Amazon itself hasn't so far revealed the size of its membership base and not all analysts are buying the big numbers consistently found by CIRP. Moody’s Investors Service analysts are skeptical, earlier this year throwing cold water on the kind of statistics from CIRP and other outlets that try to figure out the size of Amazon’s Prime base, calling them "seriously overstated," "highly improbable" and made "in the absence of any real guidance from the company itself."
Whatever its size, Prime is widely seen as providing a sticky customer base to Amazon. But this research demonstrates that it’s also sticking Amazon with free two-day shipping on millions of items with no minimum order.

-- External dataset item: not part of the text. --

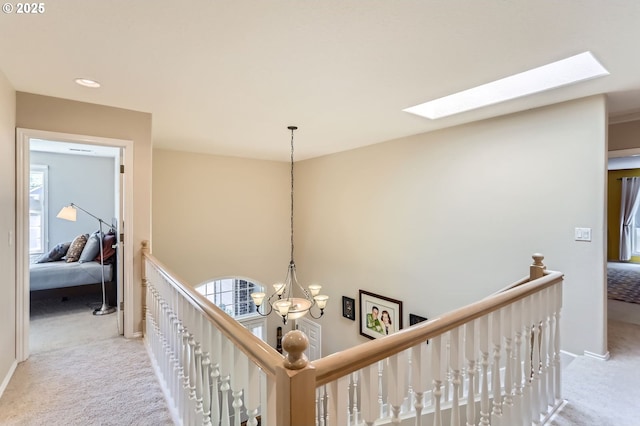hall featuring recessed lighting, an upstairs landing, a chandelier, carpet flooring, and a skylight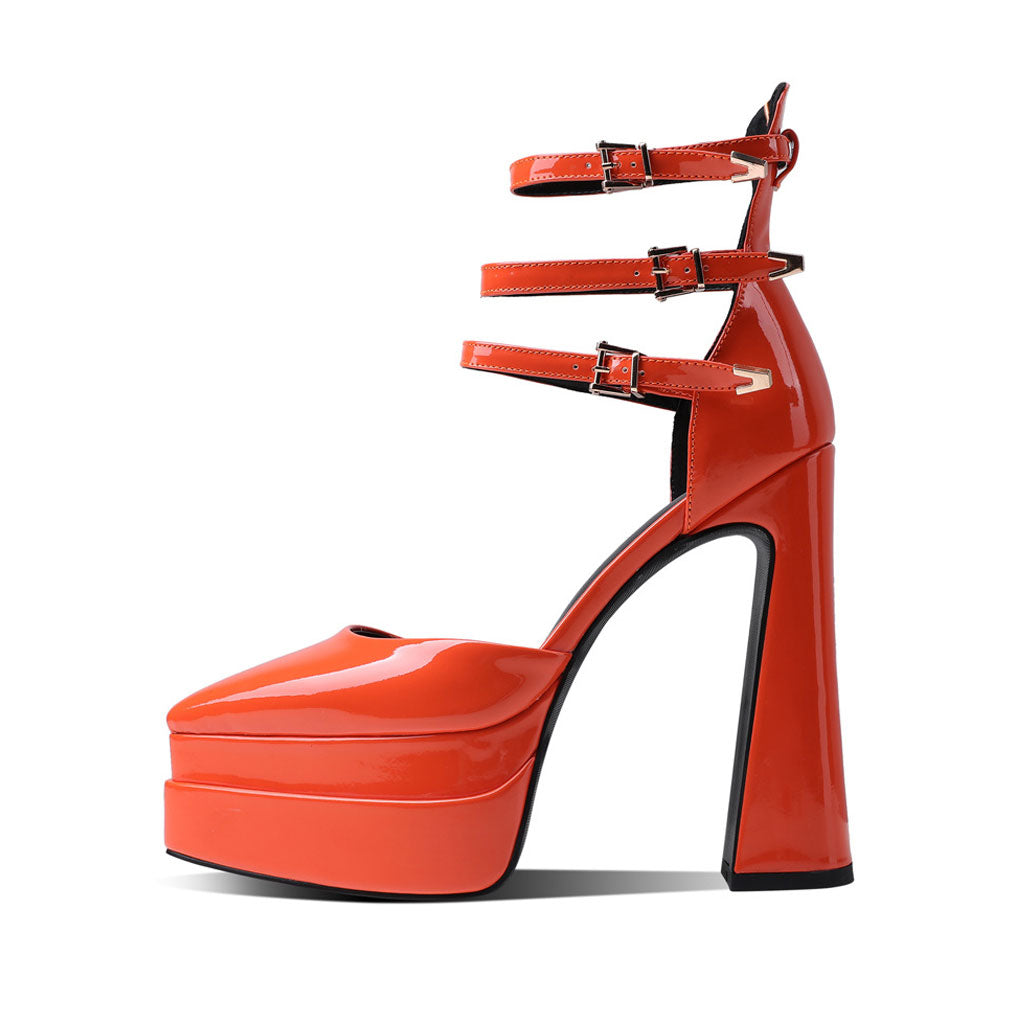 A pair of orange glossy pointed toe platform block heel ankle strap pumps.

"While Amazon is viewed as Goliath by the industry, there are certainly weaknesses that retail brands can exploit to help drive their bottom line," Michael Osborne, CEO of SmarterHQ, said in a statement. "Our report tells a surprisingly upbeat story for retail brands — consumers can be persuaded to ditch Amazon and shop in their store or on their website."
The premium shipping perk has also hit the e-commerce giant with massive fulfillment expenses. Amazon’s shipping and fulfillment costs are growing faster than its revenue, but so far the company has focused on making moves to optimize those operations rather than cutting back its benefit. Amazon’s efforts include an Uber-like crowdsourced ground delivery network it calls Amazon Flex, the purchase of thousands of semitrailers and, of course, drones. Last year, the company unveiled its first Prime Air-branded cargo aircraft in an inaugural flight during Seattle’s annual Seafair Air Show.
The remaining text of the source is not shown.